Exercise ->
All of the data must be output without alteration.

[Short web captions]
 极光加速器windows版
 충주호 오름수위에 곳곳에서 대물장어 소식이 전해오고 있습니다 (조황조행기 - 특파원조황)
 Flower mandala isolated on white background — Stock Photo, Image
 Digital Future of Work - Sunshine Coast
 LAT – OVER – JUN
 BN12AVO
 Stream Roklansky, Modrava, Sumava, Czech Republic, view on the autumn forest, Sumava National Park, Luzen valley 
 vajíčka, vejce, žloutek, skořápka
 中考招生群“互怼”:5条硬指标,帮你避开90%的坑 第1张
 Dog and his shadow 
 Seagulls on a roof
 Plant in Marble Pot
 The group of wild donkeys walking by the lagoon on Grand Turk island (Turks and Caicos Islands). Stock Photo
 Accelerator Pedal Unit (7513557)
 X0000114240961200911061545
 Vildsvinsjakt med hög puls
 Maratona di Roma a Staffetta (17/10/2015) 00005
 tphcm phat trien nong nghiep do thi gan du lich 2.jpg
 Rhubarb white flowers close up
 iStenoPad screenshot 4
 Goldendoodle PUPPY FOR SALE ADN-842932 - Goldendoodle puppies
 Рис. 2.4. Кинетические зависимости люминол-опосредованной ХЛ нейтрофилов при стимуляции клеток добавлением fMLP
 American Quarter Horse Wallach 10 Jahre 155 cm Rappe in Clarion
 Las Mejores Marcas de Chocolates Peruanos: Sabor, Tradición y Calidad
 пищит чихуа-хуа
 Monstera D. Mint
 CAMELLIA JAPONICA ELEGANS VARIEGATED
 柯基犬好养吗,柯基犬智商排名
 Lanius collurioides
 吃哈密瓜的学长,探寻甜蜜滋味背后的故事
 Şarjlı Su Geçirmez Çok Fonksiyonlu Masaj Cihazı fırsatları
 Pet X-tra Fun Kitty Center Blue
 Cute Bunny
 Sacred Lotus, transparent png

Exercise solution ->
 极光加速器windows版
 충주호 오름수위에 곳곳에서 대물장어 소식이 전해오고 있습니다 (조황조행기 - 특파원조황)
 Flower mandala isolated on white background — Stock Photo, Image
 Digital Future of Work - Sunshine Coast
 LAT – OVER – JUN
 BN12AVO
 Stream Roklansky, Modrava, Sumava, Czech Republic, view on the autumn forest, Sumava National Park, Luzen valley 
 vajíčka, vejce, žloutek, skořápka
 中考招生群“互怼”:5条硬指标,帮你避开90%的坑 第1张
 Dog and his shadow 
 Seagulls on a roof
 Plant in Marble Pot
 The group of wild donkeys walking by the lagoon on Grand Turk island (Turks and Caicos Islands). Stock Photo
 Accelerator Pedal Unit (7513557)
 X0000114240961200911061545
 Vildsvinsjakt med hög puls
 Maratona di Roma a Staffetta (17/10/2015) 00005
 tphcm phat trien nong nghiep do thi gan du lich 2.jpg
 Rhubarb white flowers close up
 iStenoPad screenshot 4
 Goldendoodle PUPPY FOR SALE ADN-842932 - Goldendoodle puppies
 Рис. 2.4. Кинетические зависимости люминол-опосредованной ХЛ нейтрофилов при стимуляции клеток добавлением fMLP
 American Quarter Horse Wallach 10 Jahre 155 cm Rappe in Clarion
 Las Mejores Marcas de Chocolates Peruanos: Sabor, Tradición y Calidad
 пищит чихуа-хуа
 Monstera D. Mint
 CAMELLIA JAPONICA ELEGANS VARIEGATED
 柯基犬好养吗,柯基犬智商排名
 Lanius collurioides
 吃哈密瓜的学长,探寻甜蜜滋味背后的故事
 Şarjlı Su Geçirmez Çok Fonksiyonlu Masaj Cihazı fırsatları
 Pet X-tra Fun Kitty Center Blue
 Cute Bunny
 Sacred Lotus, transparent png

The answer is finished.